9La version de Dion, telle que transmise par l’intermediaire de Zonaras, se présente à première vue comme une sorte de résumé très elliptique du récit livien, qui s’étend sur plusieurs chapitres4 : on y retrouve les deux motifs principaux (l’omen de la biche et du loup et la deuotio de Decius) mais plusieurs péripéties militaires en sont absentes comme, en particulier, les hostilités qui se déroulent du côté de l’aile dirigée par Fabius, ainsi que les détails de l’engagement qui fait suite au sacrifice du consul. On constate cependant que la succession des événements est, ici et là, la même, puisque Zonaras met en valeur la tactique de retournement efficace de Fabius, qui parvient ainsi à fatiguer l’ennemi5 et finalement à le vaincre. Tous ces éléments sont absents de la brève notice de Polybe.
10On est donc tenté de conclure, avec S. P. Oakley6, que le récit de Dion transmis par Zonaras pour la bataille de Sentinum “n’offre rien qui ne soit déjà dans Tite-Live et en constitue par moments un résumé”. Or, comme l’indépendance de Dion à l’égard de Tite-Live – en général et s’agissant des deux premières décades en particulier7 - est aujourd’hui reconnue comme très probable, il faut supposer que Dion a utilisé ici, si ce n’est Tite-Live lui-même, la même source, de type annalistique, que lui. Dans tous les cas, on aboutit à une dévalorisation du témoignage de Zonaras, considéré comme un reflet tronqué du récit livien ou de sa source. Il est cependant possible, par un examen attentif de ce témoignage, d’en isoler quelques traits originaux.
11Comme le note justement Grossmann8, Tite-Live a fait de la bataille de Sentinum le κλίµαξ de son récit des années 296 et 295 et s’est attaché à articuler l’évocation de l’événement de manière dramatique. Le commentaire qu’il livre à l’issue de cet épisode est d’ailleurs sans ambiguïté : il récuse les chiffres excessifs avancés par certains historiens à propos des effectifs des belligérants en indiquant que Sentinum n’a pas besoin de ces exagérations pour constituer une bataille importante9.

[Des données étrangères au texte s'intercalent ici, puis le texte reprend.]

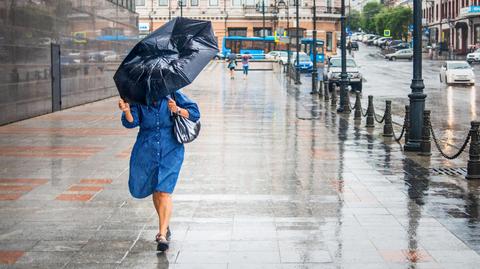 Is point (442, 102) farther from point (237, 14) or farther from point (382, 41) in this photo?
point (382, 41)

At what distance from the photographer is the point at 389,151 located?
49.8 ft

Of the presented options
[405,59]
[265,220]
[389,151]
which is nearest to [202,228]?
[265,220]

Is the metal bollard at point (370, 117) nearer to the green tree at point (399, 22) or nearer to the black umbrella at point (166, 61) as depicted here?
the black umbrella at point (166, 61)

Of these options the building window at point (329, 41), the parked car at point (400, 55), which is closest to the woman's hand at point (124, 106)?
the parked car at point (400, 55)

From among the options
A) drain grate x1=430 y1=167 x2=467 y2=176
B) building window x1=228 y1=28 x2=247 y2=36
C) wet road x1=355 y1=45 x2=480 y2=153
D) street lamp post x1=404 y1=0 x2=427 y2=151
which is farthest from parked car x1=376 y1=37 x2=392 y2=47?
drain grate x1=430 y1=167 x2=467 y2=176

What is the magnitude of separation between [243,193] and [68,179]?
9.47 ft

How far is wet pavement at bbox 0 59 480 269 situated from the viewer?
7262 millimetres

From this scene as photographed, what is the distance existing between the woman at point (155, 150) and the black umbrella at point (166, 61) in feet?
0.47

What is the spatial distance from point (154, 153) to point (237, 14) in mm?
90322

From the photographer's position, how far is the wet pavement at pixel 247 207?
286 inches

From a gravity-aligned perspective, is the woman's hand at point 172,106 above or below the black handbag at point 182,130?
above

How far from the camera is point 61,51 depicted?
1063 inches

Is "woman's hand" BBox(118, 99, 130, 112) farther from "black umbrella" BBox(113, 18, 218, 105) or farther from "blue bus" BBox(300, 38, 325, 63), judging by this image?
"blue bus" BBox(300, 38, 325, 63)

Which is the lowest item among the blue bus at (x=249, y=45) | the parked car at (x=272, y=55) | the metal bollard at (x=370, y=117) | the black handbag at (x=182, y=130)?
the metal bollard at (x=370, y=117) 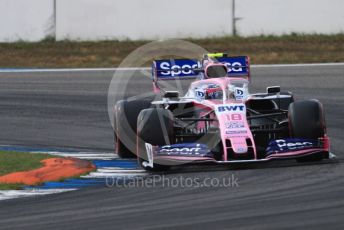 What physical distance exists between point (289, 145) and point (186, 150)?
1128 millimetres

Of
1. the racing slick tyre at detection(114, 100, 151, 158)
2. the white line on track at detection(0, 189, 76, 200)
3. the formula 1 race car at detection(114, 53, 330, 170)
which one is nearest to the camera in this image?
the white line on track at detection(0, 189, 76, 200)

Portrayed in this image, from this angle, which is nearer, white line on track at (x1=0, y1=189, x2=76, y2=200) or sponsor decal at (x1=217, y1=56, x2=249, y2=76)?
white line on track at (x1=0, y1=189, x2=76, y2=200)

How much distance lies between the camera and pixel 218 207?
27.8 ft

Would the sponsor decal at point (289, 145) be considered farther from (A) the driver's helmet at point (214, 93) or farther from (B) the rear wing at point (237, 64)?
(B) the rear wing at point (237, 64)

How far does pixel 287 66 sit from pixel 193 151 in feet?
33.9

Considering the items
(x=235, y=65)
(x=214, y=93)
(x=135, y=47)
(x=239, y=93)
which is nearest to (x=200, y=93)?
(x=214, y=93)

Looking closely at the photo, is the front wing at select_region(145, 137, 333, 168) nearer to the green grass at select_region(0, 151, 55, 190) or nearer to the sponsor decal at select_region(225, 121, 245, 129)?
the sponsor decal at select_region(225, 121, 245, 129)

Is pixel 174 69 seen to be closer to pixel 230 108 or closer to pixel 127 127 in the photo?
pixel 127 127

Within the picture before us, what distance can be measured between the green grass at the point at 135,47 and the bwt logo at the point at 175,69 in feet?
27.8

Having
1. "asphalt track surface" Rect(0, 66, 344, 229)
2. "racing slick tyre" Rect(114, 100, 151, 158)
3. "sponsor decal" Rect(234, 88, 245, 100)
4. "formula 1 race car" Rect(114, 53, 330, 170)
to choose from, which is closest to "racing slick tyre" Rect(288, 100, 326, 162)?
"formula 1 race car" Rect(114, 53, 330, 170)

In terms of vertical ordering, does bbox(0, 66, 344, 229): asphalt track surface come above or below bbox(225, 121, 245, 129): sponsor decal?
below

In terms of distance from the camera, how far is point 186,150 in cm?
1091

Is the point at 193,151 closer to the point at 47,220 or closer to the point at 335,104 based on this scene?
the point at 47,220

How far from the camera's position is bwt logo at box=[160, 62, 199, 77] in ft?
43.4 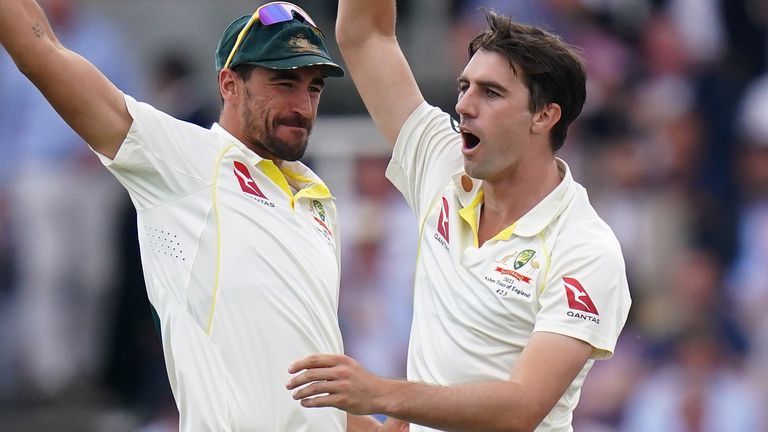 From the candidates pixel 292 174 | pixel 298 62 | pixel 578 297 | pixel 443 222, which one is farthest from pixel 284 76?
pixel 578 297

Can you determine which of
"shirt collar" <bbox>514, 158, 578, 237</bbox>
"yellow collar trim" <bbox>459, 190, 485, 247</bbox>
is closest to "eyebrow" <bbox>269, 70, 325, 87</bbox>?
"yellow collar trim" <bbox>459, 190, 485, 247</bbox>

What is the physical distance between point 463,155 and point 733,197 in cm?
489

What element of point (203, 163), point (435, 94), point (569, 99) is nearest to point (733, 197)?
point (435, 94)

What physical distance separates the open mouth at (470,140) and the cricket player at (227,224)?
51 centimetres

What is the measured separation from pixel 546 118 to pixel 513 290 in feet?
2.16

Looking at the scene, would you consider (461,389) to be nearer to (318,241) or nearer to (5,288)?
(318,241)

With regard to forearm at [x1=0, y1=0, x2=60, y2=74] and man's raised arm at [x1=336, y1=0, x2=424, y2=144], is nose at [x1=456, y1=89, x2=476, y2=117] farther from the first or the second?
forearm at [x1=0, y1=0, x2=60, y2=74]

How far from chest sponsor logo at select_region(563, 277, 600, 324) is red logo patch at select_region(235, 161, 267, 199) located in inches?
41.3

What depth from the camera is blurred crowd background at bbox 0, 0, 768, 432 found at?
9320 millimetres

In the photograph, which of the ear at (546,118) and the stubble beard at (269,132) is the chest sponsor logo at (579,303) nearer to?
the ear at (546,118)

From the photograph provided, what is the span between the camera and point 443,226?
535 cm

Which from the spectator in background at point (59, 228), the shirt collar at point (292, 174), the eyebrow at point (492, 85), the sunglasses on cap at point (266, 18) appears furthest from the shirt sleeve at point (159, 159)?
the spectator in background at point (59, 228)

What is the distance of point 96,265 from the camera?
981cm

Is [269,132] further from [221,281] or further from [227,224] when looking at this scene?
[221,281] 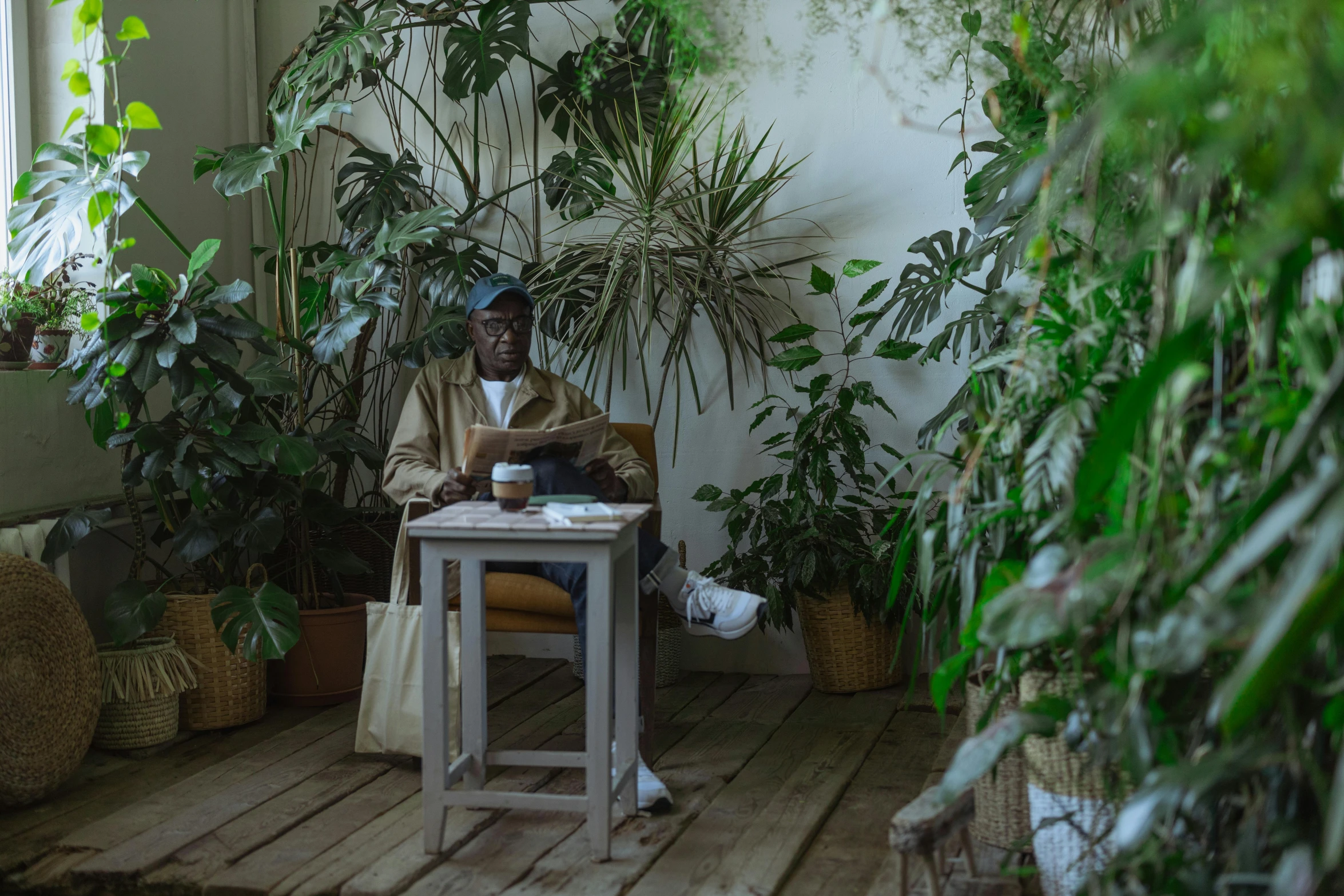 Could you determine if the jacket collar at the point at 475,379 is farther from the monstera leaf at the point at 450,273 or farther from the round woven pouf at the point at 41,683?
the round woven pouf at the point at 41,683

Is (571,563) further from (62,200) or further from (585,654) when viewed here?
(62,200)

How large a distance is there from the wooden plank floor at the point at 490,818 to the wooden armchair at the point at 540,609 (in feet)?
0.64

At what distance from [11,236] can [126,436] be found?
2.06 ft

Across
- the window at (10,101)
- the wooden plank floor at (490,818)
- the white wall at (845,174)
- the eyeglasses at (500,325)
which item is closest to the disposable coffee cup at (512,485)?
the wooden plank floor at (490,818)

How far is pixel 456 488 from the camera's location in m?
2.55

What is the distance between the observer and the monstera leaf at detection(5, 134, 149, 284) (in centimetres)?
276

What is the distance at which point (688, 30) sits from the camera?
128 inches

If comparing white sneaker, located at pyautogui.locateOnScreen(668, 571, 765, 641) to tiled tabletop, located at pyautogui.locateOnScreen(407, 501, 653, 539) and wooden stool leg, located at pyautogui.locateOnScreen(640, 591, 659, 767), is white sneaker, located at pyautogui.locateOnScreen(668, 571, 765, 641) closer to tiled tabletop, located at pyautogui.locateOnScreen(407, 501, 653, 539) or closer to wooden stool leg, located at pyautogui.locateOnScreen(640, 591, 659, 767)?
wooden stool leg, located at pyautogui.locateOnScreen(640, 591, 659, 767)

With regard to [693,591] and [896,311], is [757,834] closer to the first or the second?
[693,591]

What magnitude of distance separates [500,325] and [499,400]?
200mm

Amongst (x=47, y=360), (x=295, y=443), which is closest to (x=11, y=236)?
(x=47, y=360)

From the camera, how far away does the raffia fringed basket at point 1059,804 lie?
1.67 m

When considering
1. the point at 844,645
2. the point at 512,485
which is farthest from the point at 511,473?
the point at 844,645

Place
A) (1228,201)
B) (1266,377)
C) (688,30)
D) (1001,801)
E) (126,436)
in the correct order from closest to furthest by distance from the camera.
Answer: (1266,377), (1228,201), (1001,801), (126,436), (688,30) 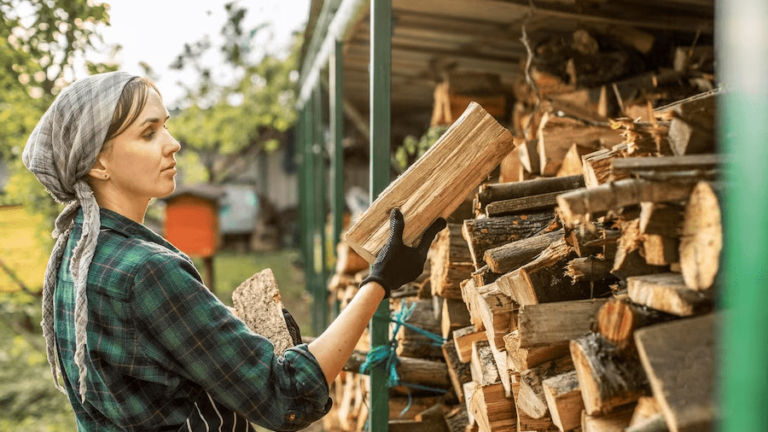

12Le texte de Zonaras, qui ne fait nulle part de cette polémique numérique, reprend les deux aspects qui font la force dramatique de la bataille : le présage et le sacrifice du consul. S’agissant des présages, il n’y a pas lieu de douter de la fidélité de Zonaras à sa source dionienne, puisque dans un passage précédent transmis cette fois par les extraits constantiniens De sententiis (dont la fiabilité est incontestable)10, Dion insiste sur les prophéties et les présages qui annoncent le succès de Sentinum et constituent une anticipation de l’omen qui nous intéresse11.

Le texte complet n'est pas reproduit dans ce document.